В. Н. Романов отказывался выступать на индологических конференциях – и даже не посещал их. Зато он очень любил междисциплинарные семинары, в которых участвовали исследователи, занимавшиеся разными культурами и, так же как и он сам, тяготевшие к решению теоретических вопросов. Там он охотно делал сообщения и живо откликался на выступления других. Идеальным участником дискуссий он не был. Страстно увлеченный той или иной идеей, он стремился донести ее до слушателей, но не всегда был готов понять то, что его представлениям решительно противоречило. От оппонентов он ждал подтверждения своих мыслей и готов был на развитие и уточнение этих мыслей – но не более. Возражения коллегам нередко облекал в резкую форму – вполне вероятно, что не всегда справедливо, но всегда за этим стояла преданность истине. Ему было глубоко враждебно научное бесстыдство – щегольство пустой эрудицией или красивыми схемами, не имевшими серьезных доказательств. От каких-то идей он мог со временем отказаться – и тогда о себе самом отзывался так же резко (порою в простонародных выражениях).

Романовские мысли и наблюдения редко можно назвать бесспорными, но они не бывают тривиальными, заезженными, повторяемыми за кем-то по инерции. Помню, как-то мы с ним беседовали о том, что иногда именно заблуждения оказываются предпосылкой настоящих открытий. После того, как открытие сделано, можно и отбросить заблуждение, найдя более верный и надежный путь. Это вполне применимо к его собственным работам – если бы ему суждено было прожить дольше, что-то было бы развито, а другое оставлено и забыто. Самое ценное у Романова – его неугомонная творческая мысль. Он жил своими исследованиями и, думаю, никогда не мог полностью от них отвлечься – не только в преподавании, но и в дружеских беседах за рюмкой вина или в любимых им деревенских, крестьянских занятиях. Именно этим объясняется характерная черта его работ: читатель нередко находит здесь неожиданные ссылки на личный опыт и переход от ученых материй к «низовой» или бытовой стороне жизни.
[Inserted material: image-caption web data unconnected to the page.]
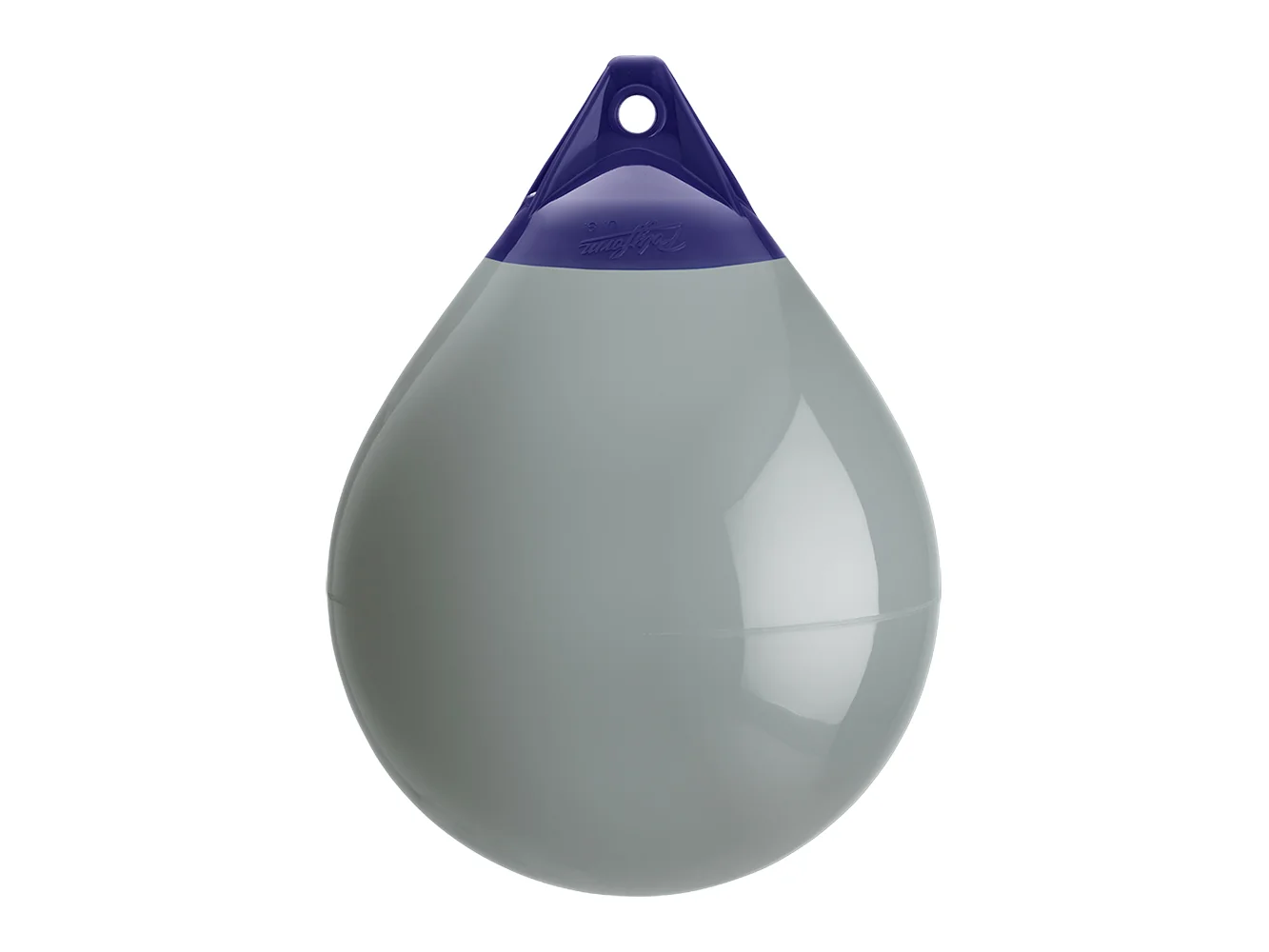 Polyform A-4 Buoy 20.5" Diameter - Grey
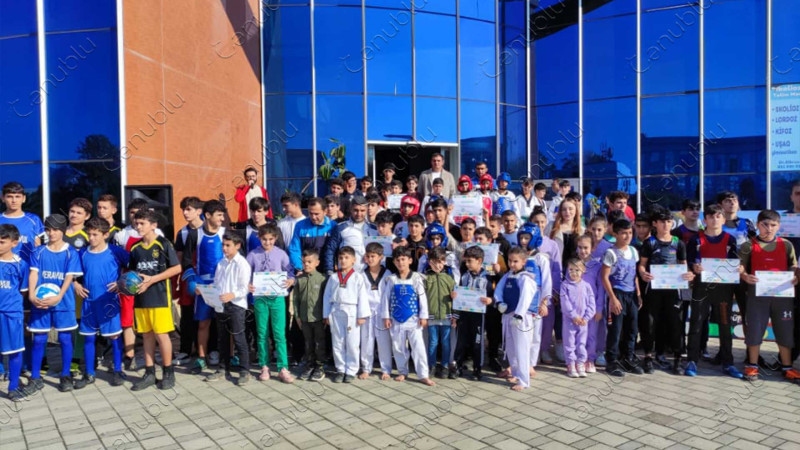 Lənkəranda idman tədbiri sakinlərin marağına səbəb olub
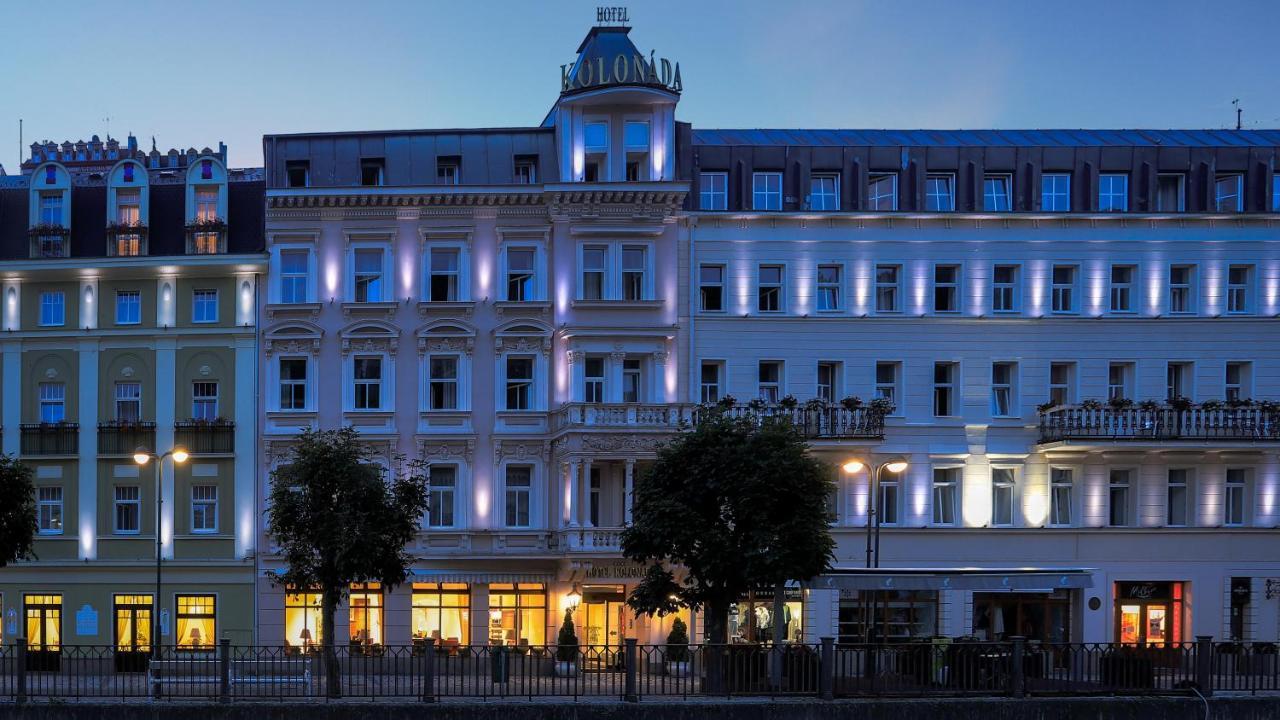 Hotel Kolonada Karlovy Vary Exterior photo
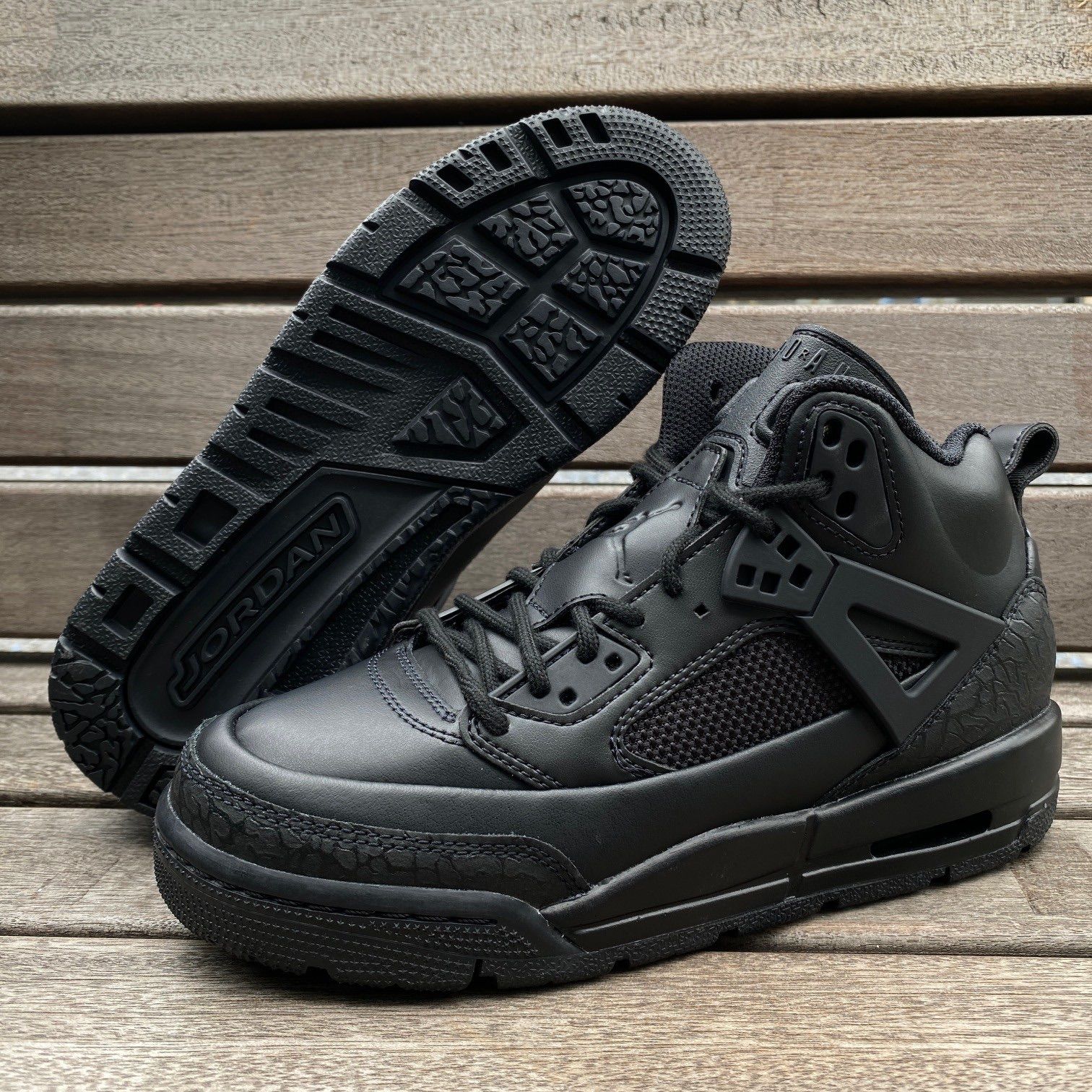 NIKE ナイキ AIR JORDAN ジョーダン SPIZIKE ブラックキャット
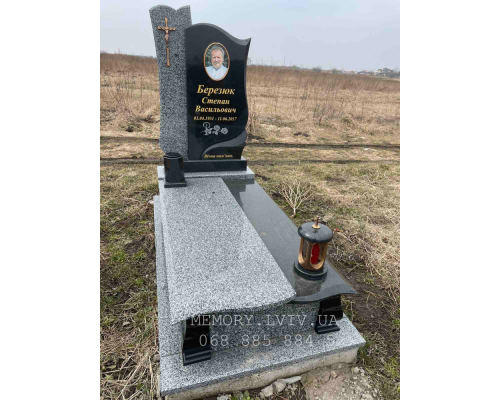 Пам'ятник одинарний А-007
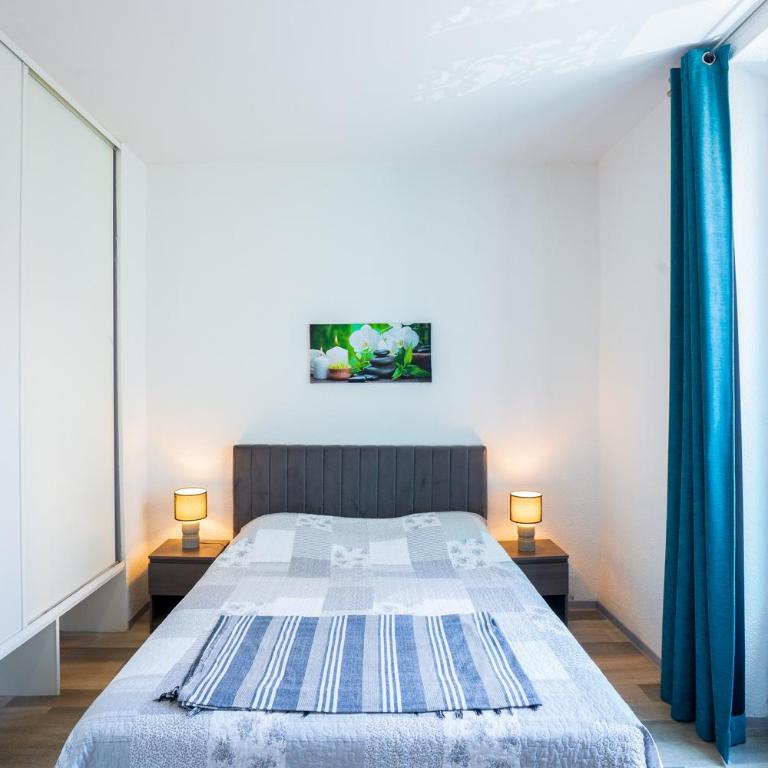 Appartement Les Halles , Climatisation, Terrasse, Garage - Apartment mit 2 Schlafzimmern - 10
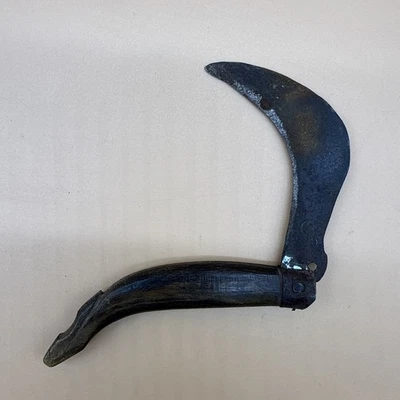 西班牙墨西哥 - Tranchete Saca Tripas - 复古折叠刀 3 英寸刀片 — 第 1/4 张图片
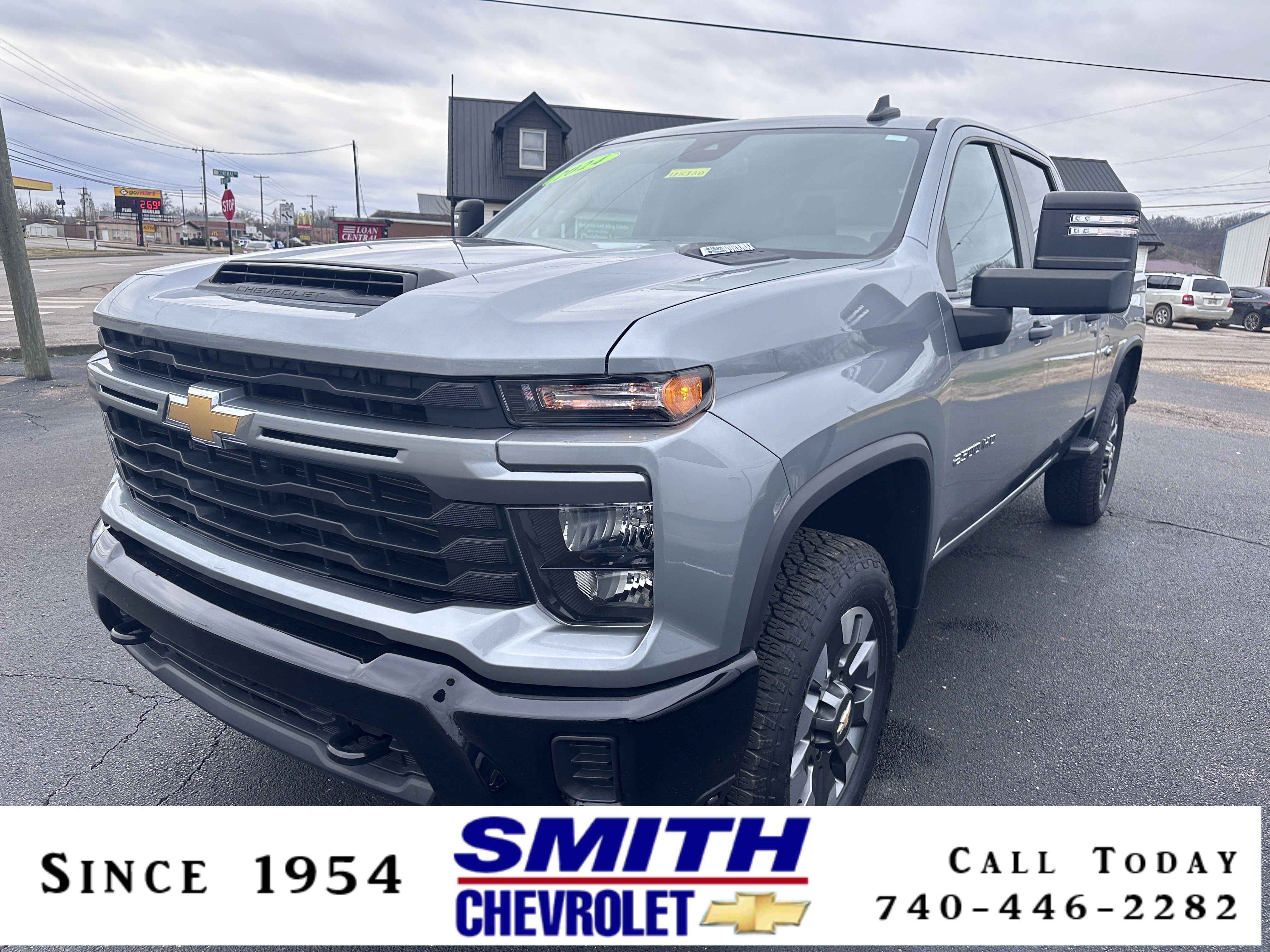 Used 2024 Chevrolet Silverado 2500 Custom w/ Custom Value Package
В последние годы жизни В. Н. Романов вернулся к исследованию санскритских текстов. Уйдя из МГУ в 2006 г., он стал профессором РГГУ в Центре сравнительного изучения культур Востока и Запада (Институт восточных культур и Античности). Он давно пришел к выводу, что наиболее творческим периодом в истории древнеиндийской цивилизации была та эпоха, когда создавались поздневедийские тексты, так называемая брахманическая проза. Обширные памятники данного жанра переводились преимущественно в конце XIX и в начале XX века. При этом нередко исследователи жаловались на туманность изложения и хаотичность построения трудов древнеиндийских ритуалистов. В историографии им уделялось несравненно меньше внимания, чем упанишадам, в которых усматривали истоки классической индийской философии.

В. Н. Романов успел напечатать переводы двух книг наиболее обширной и важной брахманы – Шатапатхи. Значительные фрагменты этого памятника были переведены и еще ждут публикации. Во вступительных статьях и обширных комментариях дан анализ терминологии и продемонстрирована значимость деятельности авторов брахманических текстов для формирования той культуры, которую автор называл «теоретической». Сама логика построения брахман была им выявлена и убедительно продемонстрирована – таким образом изучение всей поздневедийской культуры поднято на новый уровень.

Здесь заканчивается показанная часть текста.